Consumers often say that they favor mandatory labeling of GMOs, but surveys have indicated that consumers rarely consider the costs of labeling and rarely even understand what GMOs are (imagining, for example, that chemicals have been added). In countries where GMO labeling is not mandatory, government officials have argued that mandatory labeling would send a frightening message that GMOs are unsafe. But foods labeled "organic" by the USDA cannot contain GMOs, and meat certified as "organic" cannot come from animals raised with antibiotics or which have been fed GMO plants. In June, 2013 Connecticut became the first State to mandate labeling of GMOs. But the law stipulated that mandated labeling could not take effect before four adjoining states with a population of more than 20 million passed similar legislation. Connecticut did not want to be the single state with a costly regulatory burden which would disadvantage Connecticut. Just over a week later Maine became the second state to pass a similar anti-GMO bill.
Genetically modified mosquitos have the potential to eliminate diseases such as malaria and dengue. Criticisms that genomic insertion is random and therefore unpredictable is technologically obsolete. But the objection that non-GM mosquitos will eventually regain predominance in the environment — and that no laboratory experiment can replicate the results of mosquitos in the wild — has more merit [AMERICAN JOURNAL OF TROPICAL DISEASE AND HYGENE; Knols,BGJ; 77(6 Suppl):232-242 (2007)]. But fear of unintended consequences based on speculation could prevent the adoption of all technologies.

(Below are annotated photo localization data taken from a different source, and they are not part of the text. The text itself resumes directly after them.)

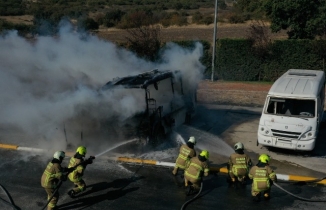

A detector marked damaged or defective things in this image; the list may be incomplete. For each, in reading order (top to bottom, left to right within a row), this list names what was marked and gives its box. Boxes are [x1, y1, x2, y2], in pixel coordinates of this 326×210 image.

burned bus [100, 69, 196, 145] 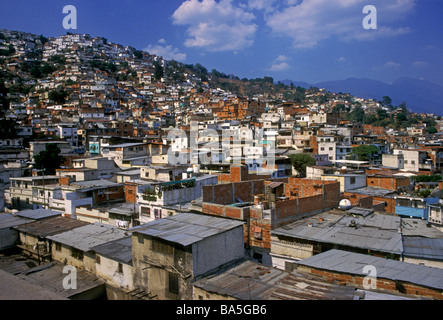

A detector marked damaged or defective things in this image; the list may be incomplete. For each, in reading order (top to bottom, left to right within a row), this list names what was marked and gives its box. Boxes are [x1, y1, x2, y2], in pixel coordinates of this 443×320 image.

rusty metal roof [194, 260, 358, 300] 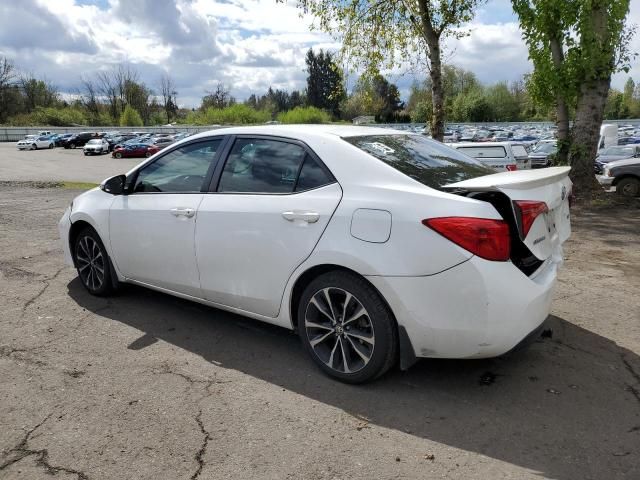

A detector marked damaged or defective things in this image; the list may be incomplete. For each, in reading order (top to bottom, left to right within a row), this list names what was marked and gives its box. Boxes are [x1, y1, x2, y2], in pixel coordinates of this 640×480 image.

cracked pavement [0, 182, 636, 478] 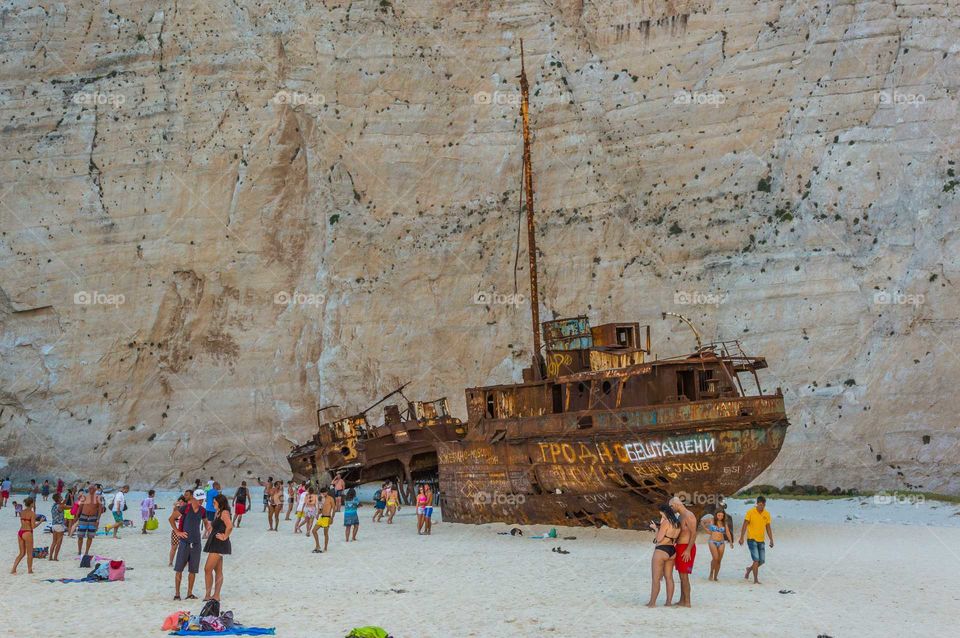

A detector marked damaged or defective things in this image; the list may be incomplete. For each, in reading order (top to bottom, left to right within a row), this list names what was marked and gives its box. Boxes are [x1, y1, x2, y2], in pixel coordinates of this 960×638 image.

rusty ship hull [440, 396, 788, 528] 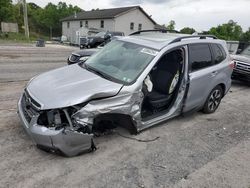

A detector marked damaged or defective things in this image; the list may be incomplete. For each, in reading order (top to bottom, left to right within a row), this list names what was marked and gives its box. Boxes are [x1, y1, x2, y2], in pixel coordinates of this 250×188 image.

crumpled front end [17, 92, 94, 156]
dented hood [26, 64, 123, 109]
damaged silver suv [17, 30, 232, 156]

When unintended consequences result from new technologies, this creates a new problem which yet newer technologies will need to solve. There are no guarantees in life.

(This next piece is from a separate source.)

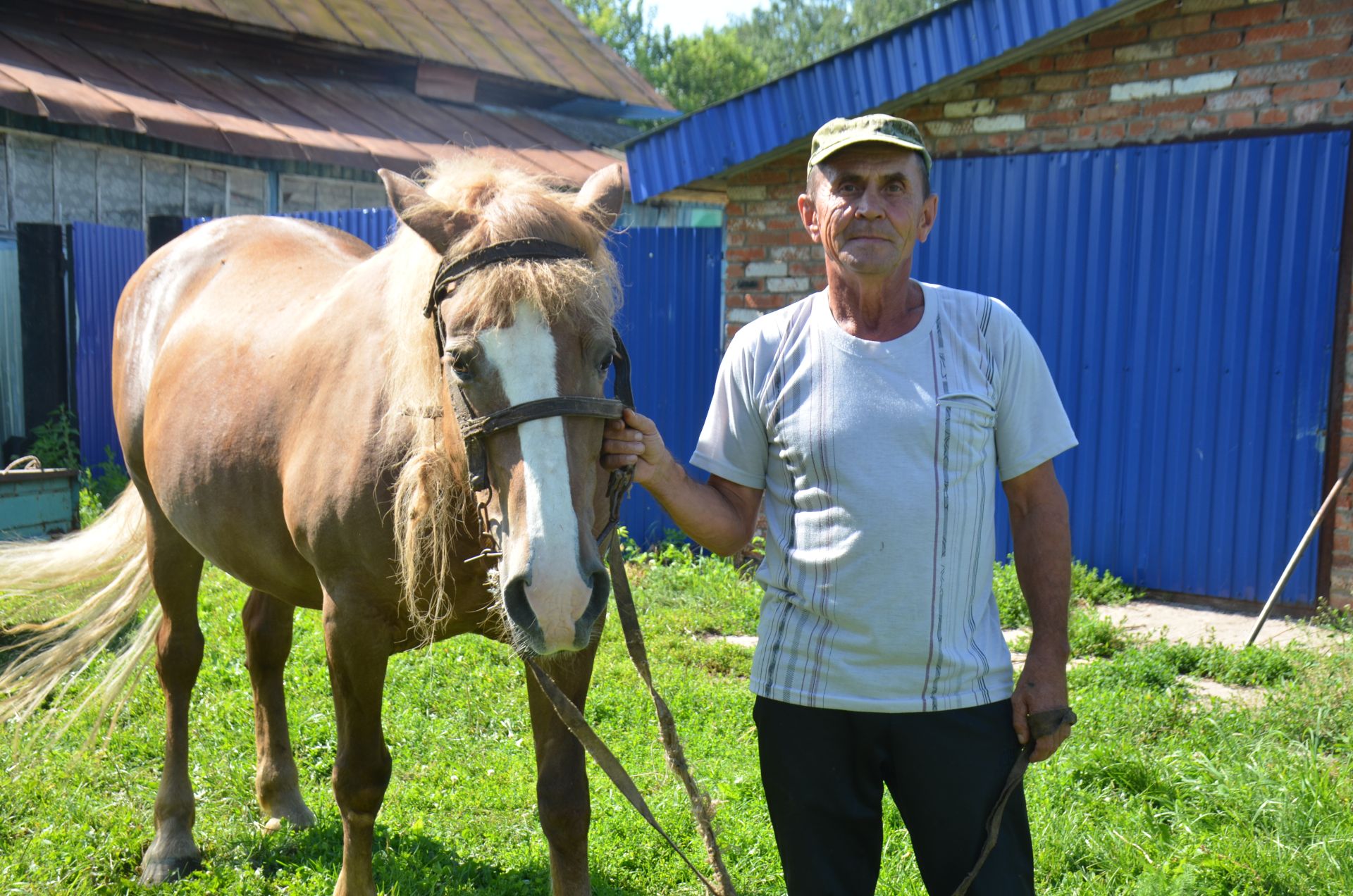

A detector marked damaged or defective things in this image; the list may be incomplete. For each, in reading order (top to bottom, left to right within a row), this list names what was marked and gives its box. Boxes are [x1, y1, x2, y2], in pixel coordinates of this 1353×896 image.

rusty metal roof [0, 23, 622, 184]
rusty metal roof [128, 0, 671, 111]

A notable anti-GMO book, is GENETIC ROULETTE by Jeffrey Smith and a notable pro-GMO book is MENDEL IN THE KITCHEN by Nina Fedoroff — both of which I purchased and studied in order to see both sides of the story. When I mentioned the title of Smith's book to a geneticist, he said that the phrase could be applied to sexual reproduction.

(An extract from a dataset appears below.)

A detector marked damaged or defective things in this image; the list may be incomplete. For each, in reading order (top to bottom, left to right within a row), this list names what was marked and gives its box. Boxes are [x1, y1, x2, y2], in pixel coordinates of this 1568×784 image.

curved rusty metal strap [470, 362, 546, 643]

Adoption of GMO foods is not the result of Monsanto being a gigantic profit-hungry corportation. Instead, Monsanto products have been adopted by farmers wishing to increase their yeilds while reducing their pesticide use. An indication of American opposition to GMOs is the fact that Monsanto failed to get Bt wheat or Bt potatoes into the market. Activist groups and the wheat industry opposed Bt wheat, and McDonald's refused to sell French fries made with Bt potatoes.The Consumers Union (which publishes the magazine CONSUMER REPORTS) lobbied heavily in favor of the Connecticut GMO labeling law. The Consumers Union does not want to ban GMOs, but wants GMOs subjected to similar FDA regulation as is required for new drug approval.